The Art of the Interview

I should sit down one day and calculate how many people I’ve interviewed in the last nine years. It would be a large number.

I had the pleasure of interviewing Raymond King before he died. From the comfort of his La-Z-Boy recliner, he talked to me for thirty minutes about his life and his philosophy of giving back to the community. After the interview was over, he pushed himself up with a groan, grabbed his cane, and asked me to follow him into the back yard. He struggled to raise a garage door revealing an antique car—his pride and joy. He told me all about it. I have a soft place in my heart for sweet, old men, and so that day stands out in my mind.


I also think back to an interview with US Senator Lamar Alexander. He and I talked about nuclear power. I forgot I was working. I was so interested in the topic and in what Senator Alexander had to say, that I entered into a personal conversation with him. I wrote that article in record time.

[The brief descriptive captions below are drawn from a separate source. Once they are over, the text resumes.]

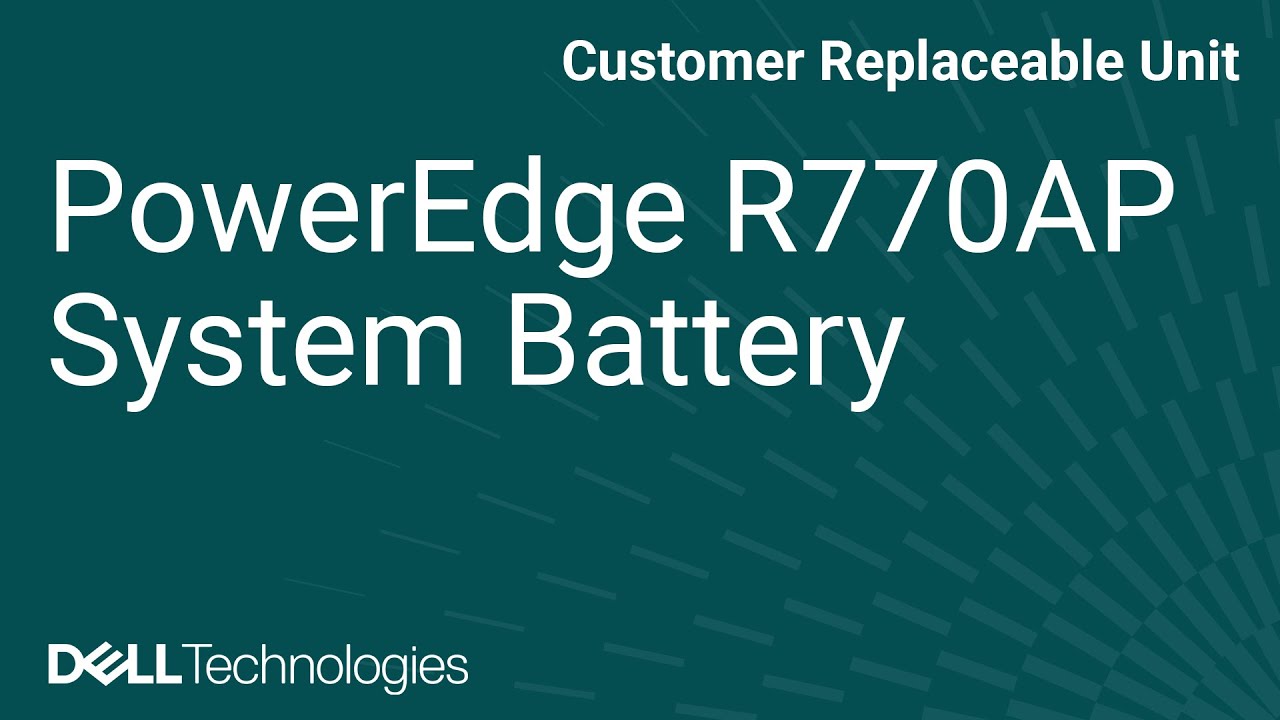 How to replace the system battery on a PowerEdge R770AP
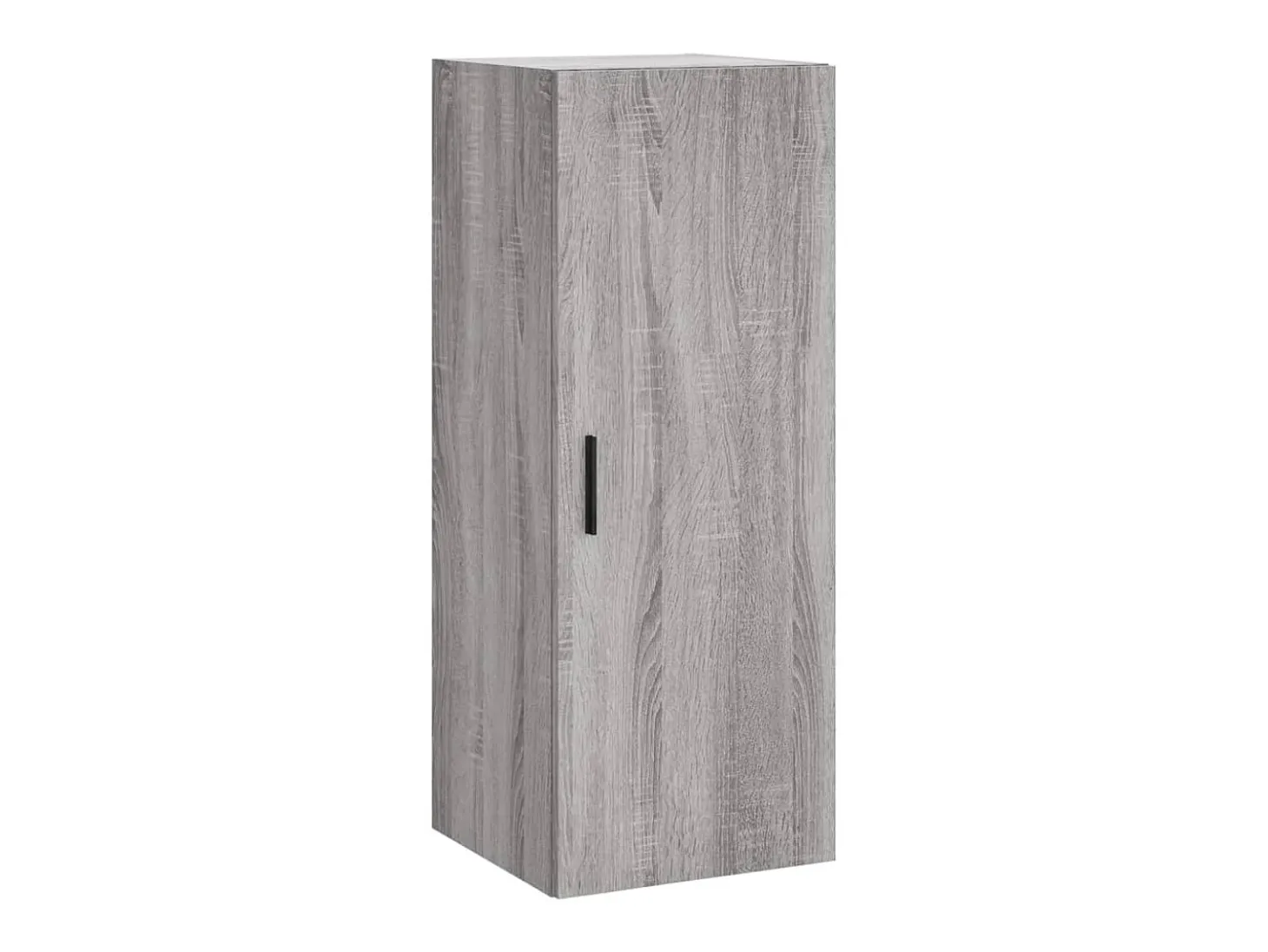 Aparador alto madera contrachapada gris Sonoma 34,5x34x180 cm ES36825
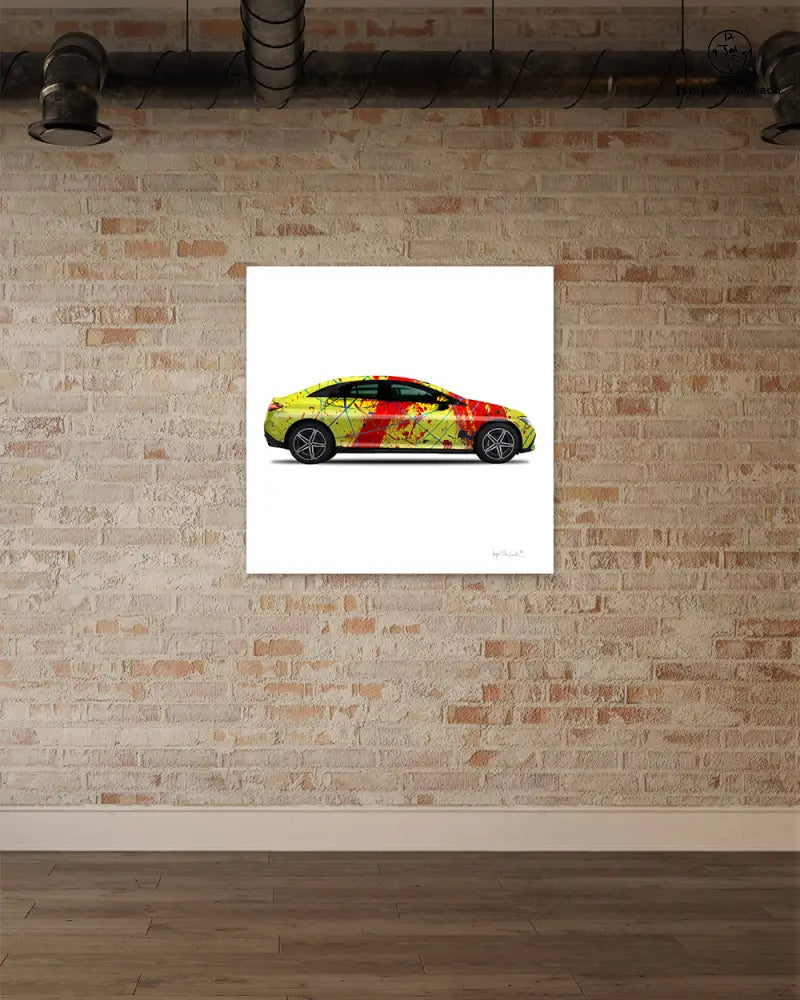 1 - Red Rocket Car by Jumper Maybach® (Print on Canvas) - Jumper Maybach Prints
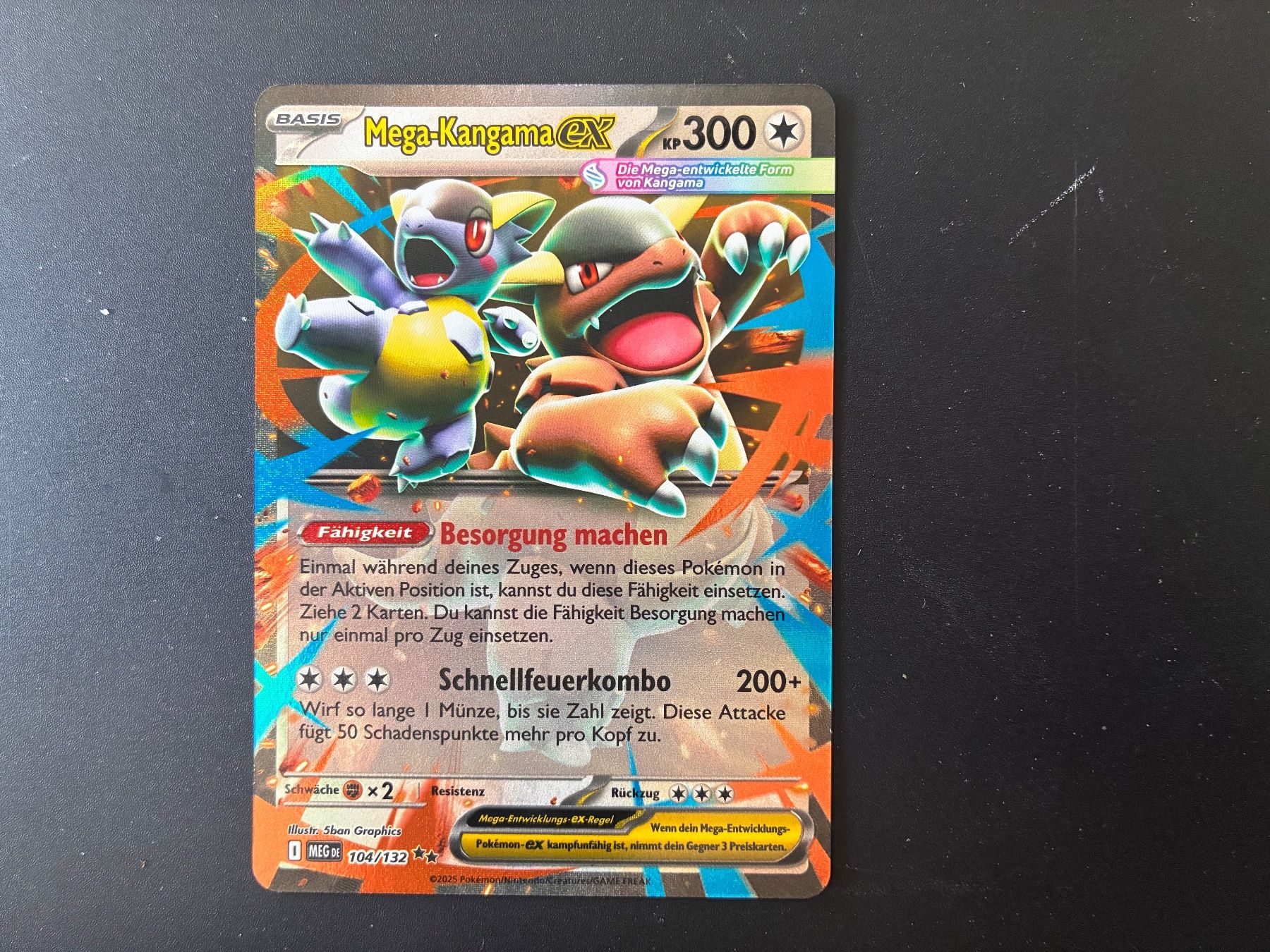 Pokémon Sammelbilder & Trading cards: Mega Kangama EX 104/132 - Mega Evolution - de – Neu (gemäss Beschreibung) aus Hütten von yve_tf69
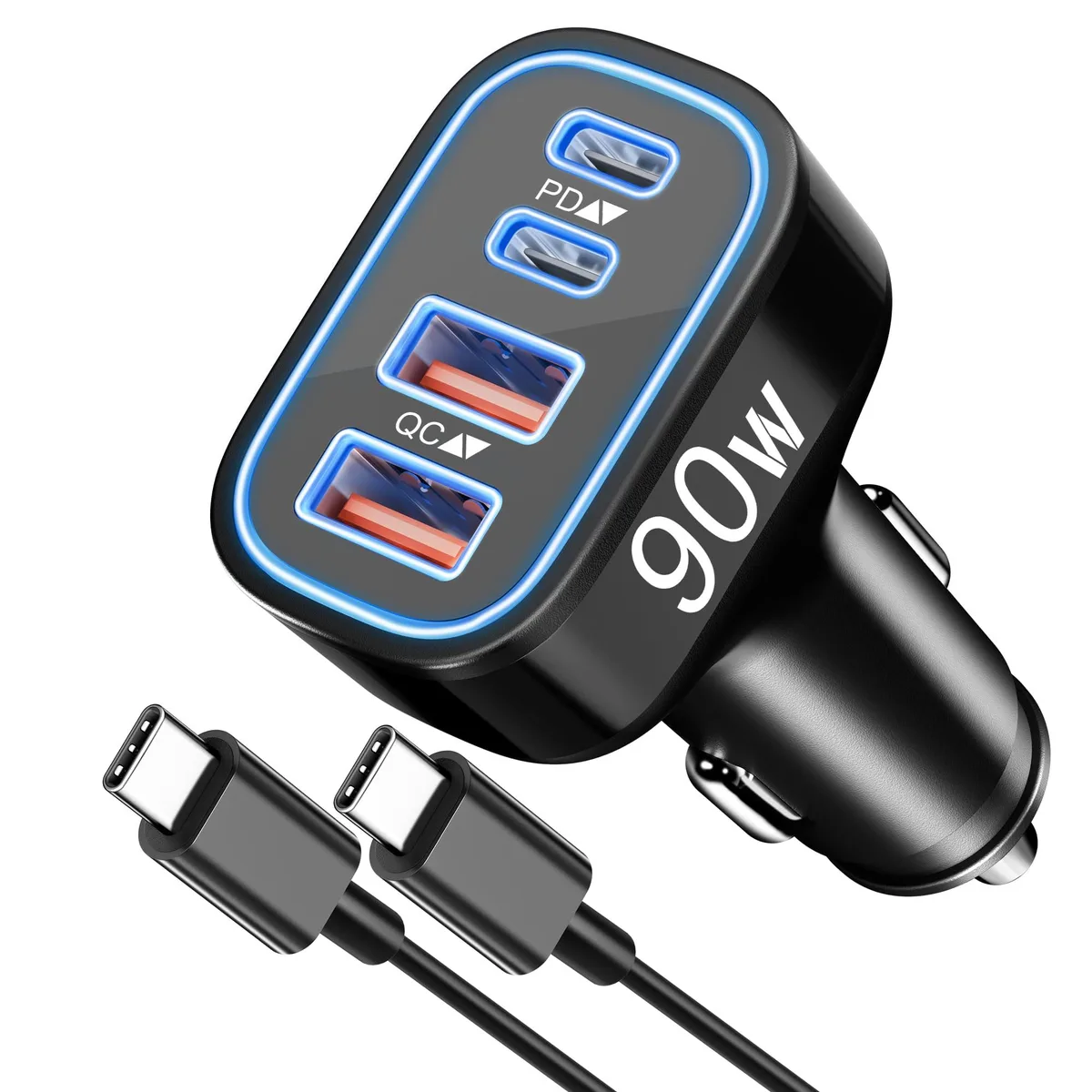 No Sew No Sew 90W 4-Port USB C Car Charger — product photo
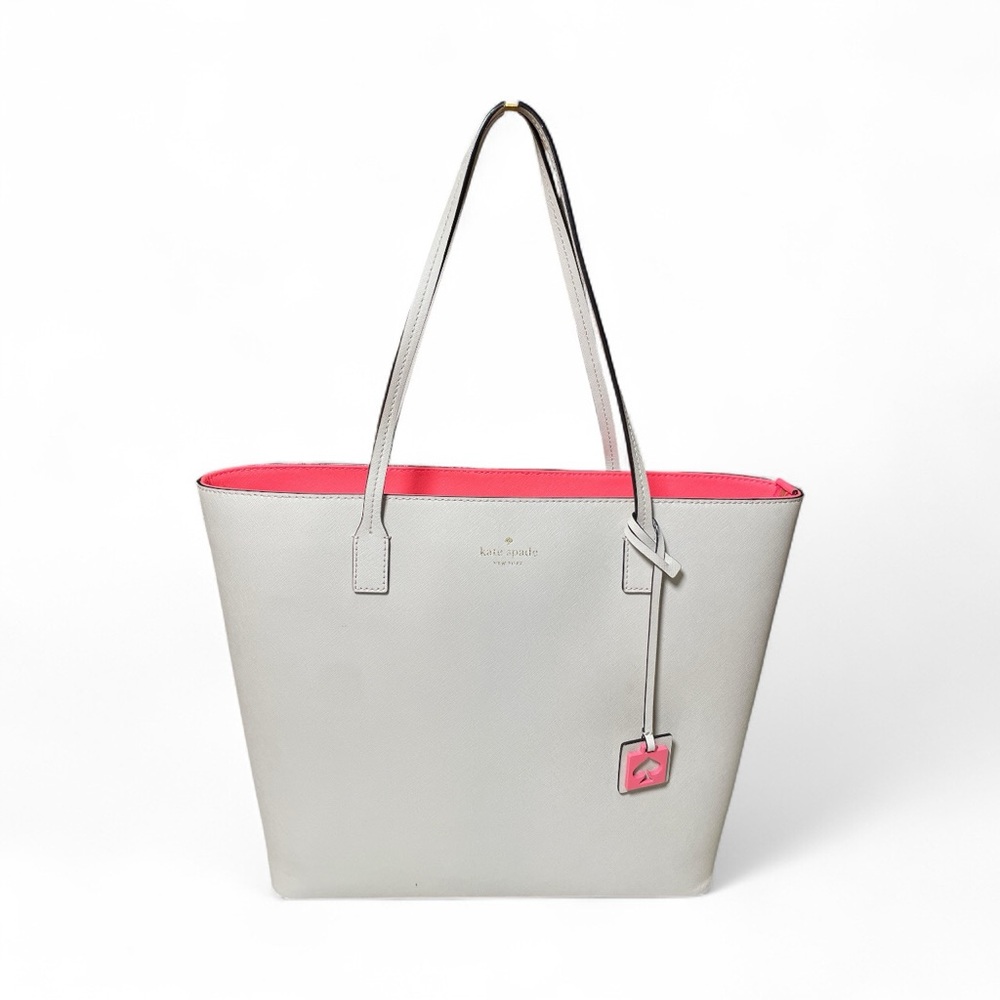 Kate Spade Abbey Street Karla in Cream and Hot Pink EUC - Picture 4 of 17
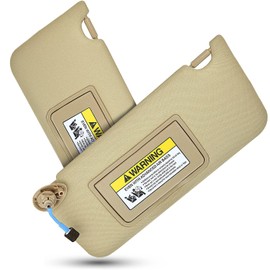 Left Driver & Right Passenger Side Sun Visor for Honda Accord 2008 2009 2010 2011 2012 2013 2014 2015 2016 2017, Replacement Assembly 83280-TA5-A71ZA 83280-TA5-A51ZA (Beige)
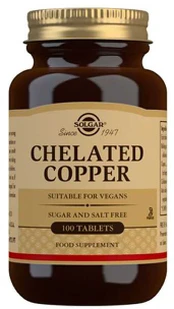 Solgar chelatinis varis 100 tablečių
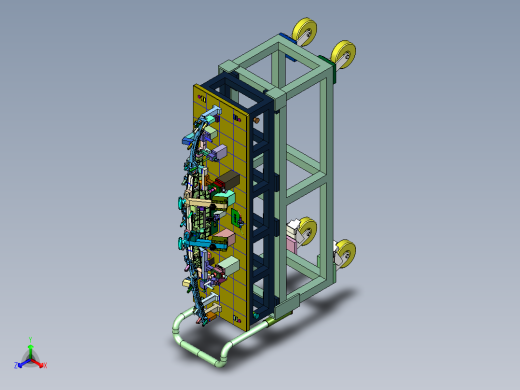 前除霜风道总成检具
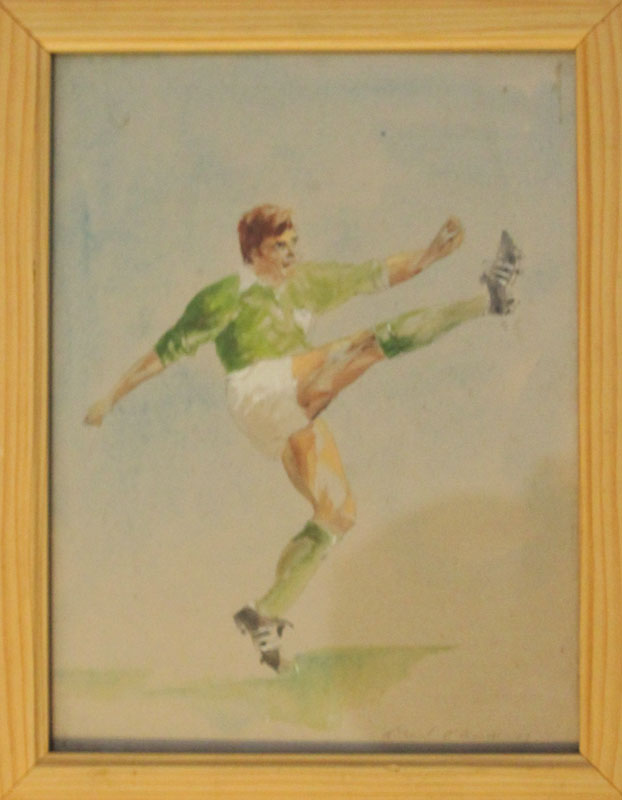 Rugby Art paintings and illustrations, original artwork, Rugby at it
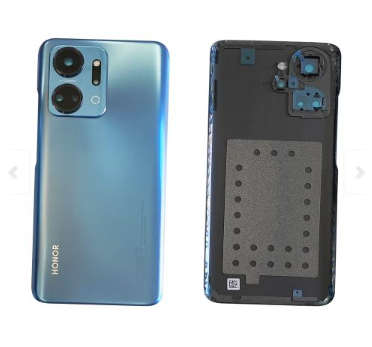 TAPA TRASERA + LENTE HONOR  X7A AZUL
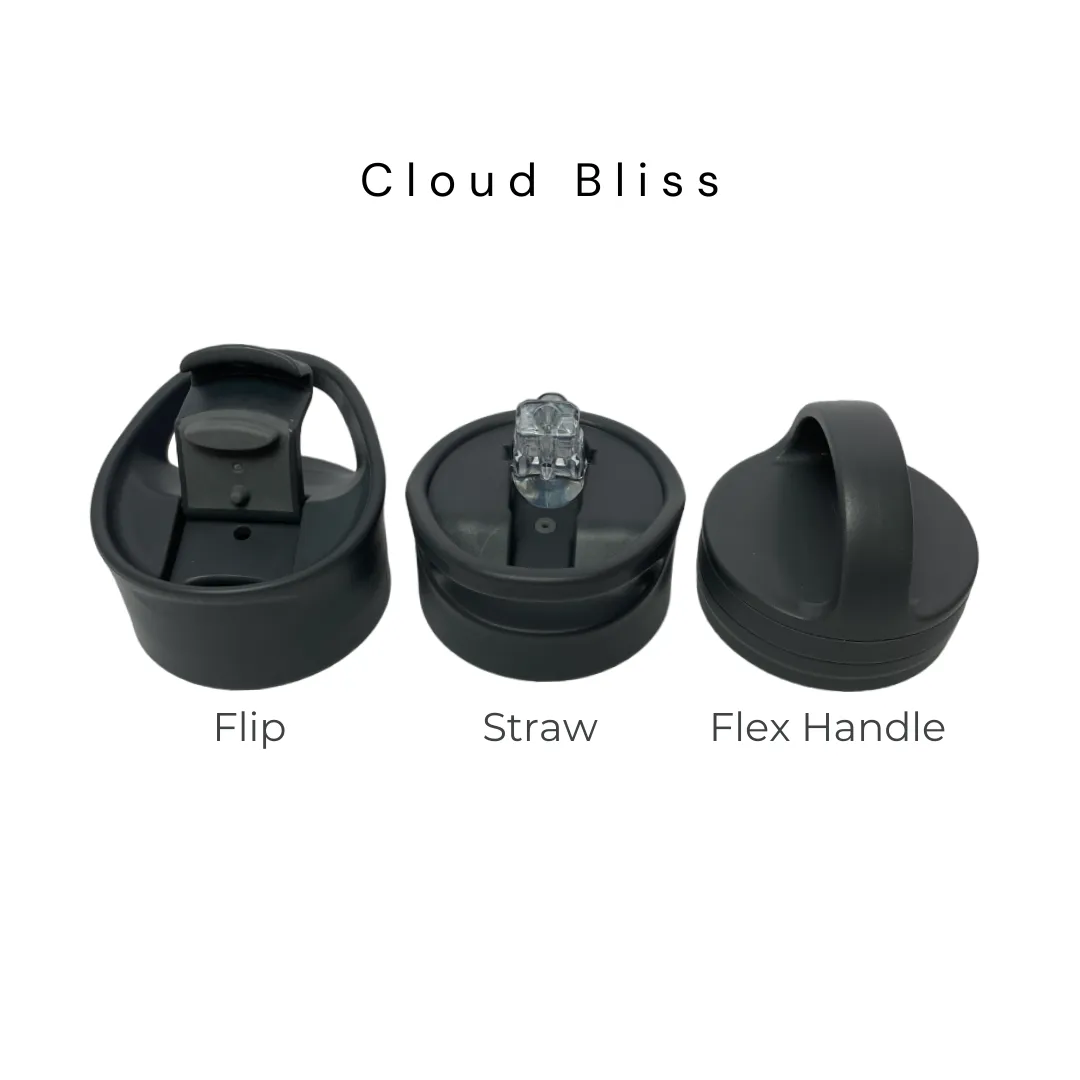 32 oz Cloud Bliss Flask | BLACK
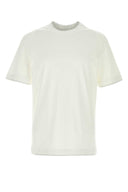 Brunello Cucinelli Camiseta de algodón blanca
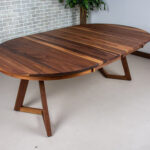 Round Walnut Table | Center Extension Table | Loewen Design Studi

I love those moments when I make an instant connection with the person I am interviewing. I love to see the world through their eyes, if even for just a moment. I had that experience when I interviewed the History Channel’s survivor superstar, Alan Kay, two weeks ago. I lobbed a beautiful question for Kay, and he knocked it out of the park.

I said, “I’ve heard that servicemen returning from combat often find it difficult to assimilate back into their routine lives when they return from a combat zone. After your fifty-six days alone on Vancouver Island, did you find it difficult to return home?”

There was a pause, and then Kay gave me what I was looking for. He talked about how his experience had deepened his awareness of life and purpose, and how he wanted to scream warnings to humanity when he returned. I can’t share his specific answer because the article won’t be published until October (Get Out Chattanooga Magazine), but Kay’s response was writer’s gold.

Here are some general tips for getting the most out of an interview.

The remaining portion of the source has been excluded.